Task => Please copy the lines below, exactly as they are, from the one with "Yunanistan ve Merkel" through the one with "19 Highview Way Mechanicville NY 12118", and leave out the pictures.

Given information =>
++++++
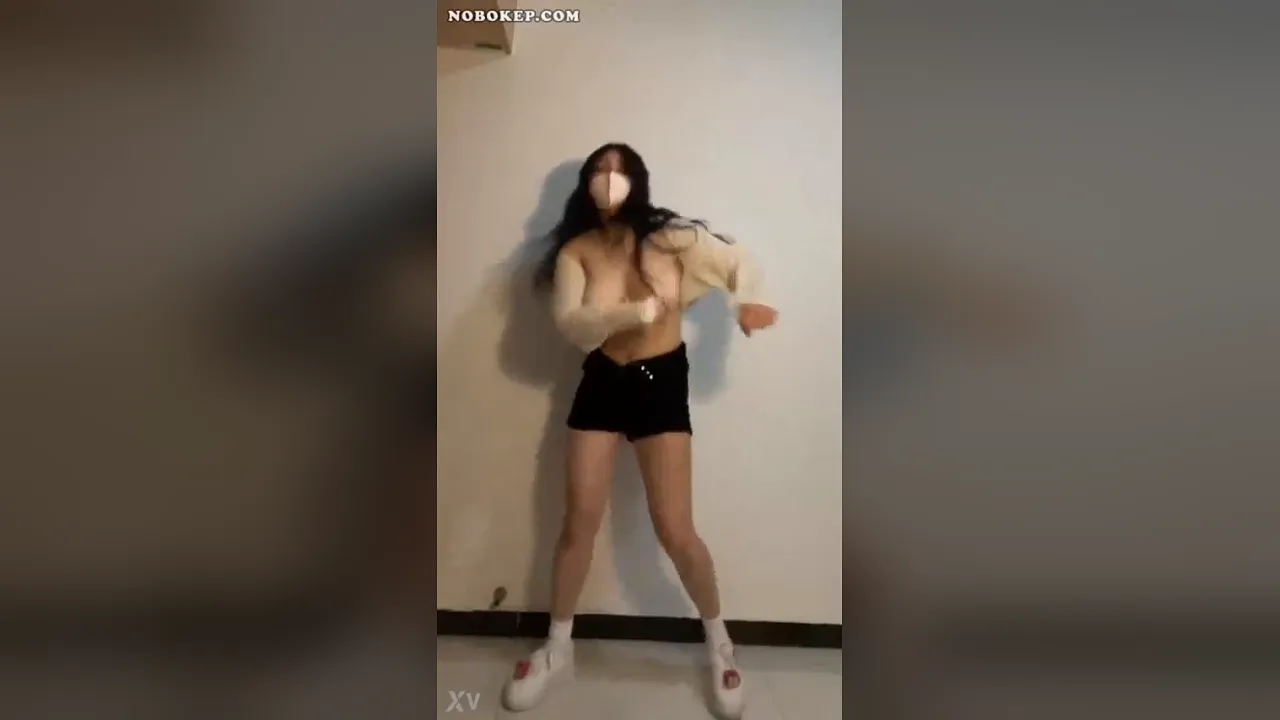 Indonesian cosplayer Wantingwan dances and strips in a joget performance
++++++
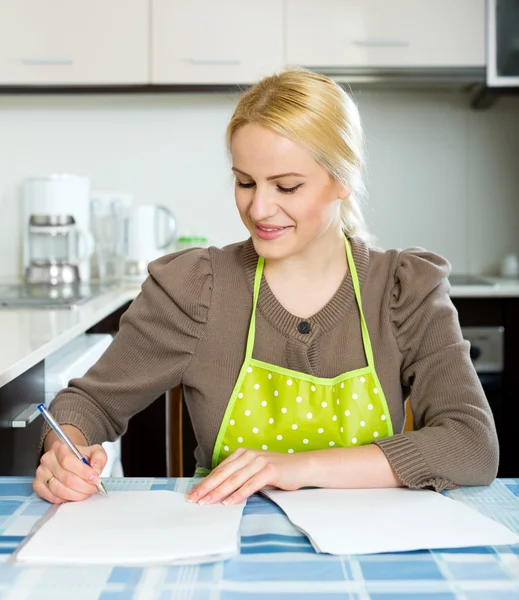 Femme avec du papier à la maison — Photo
++++++
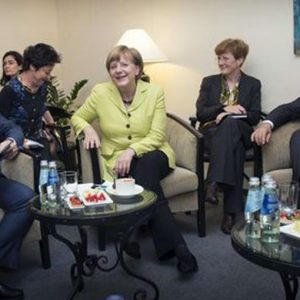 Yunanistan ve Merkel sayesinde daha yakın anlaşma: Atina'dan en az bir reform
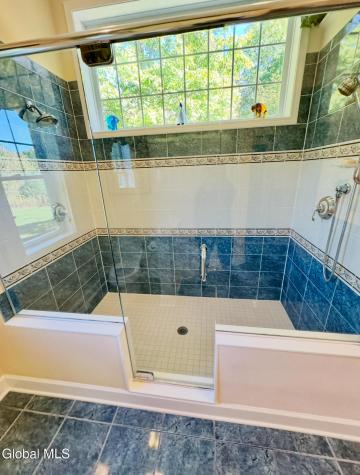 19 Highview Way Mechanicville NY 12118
++++++
Response to the exercise =>
 Yunanistan ve Merkel sayesinde daha yakın anlaşma: Atina'dan en az bir reform
 19 Highview Way Mechanicville NY 12118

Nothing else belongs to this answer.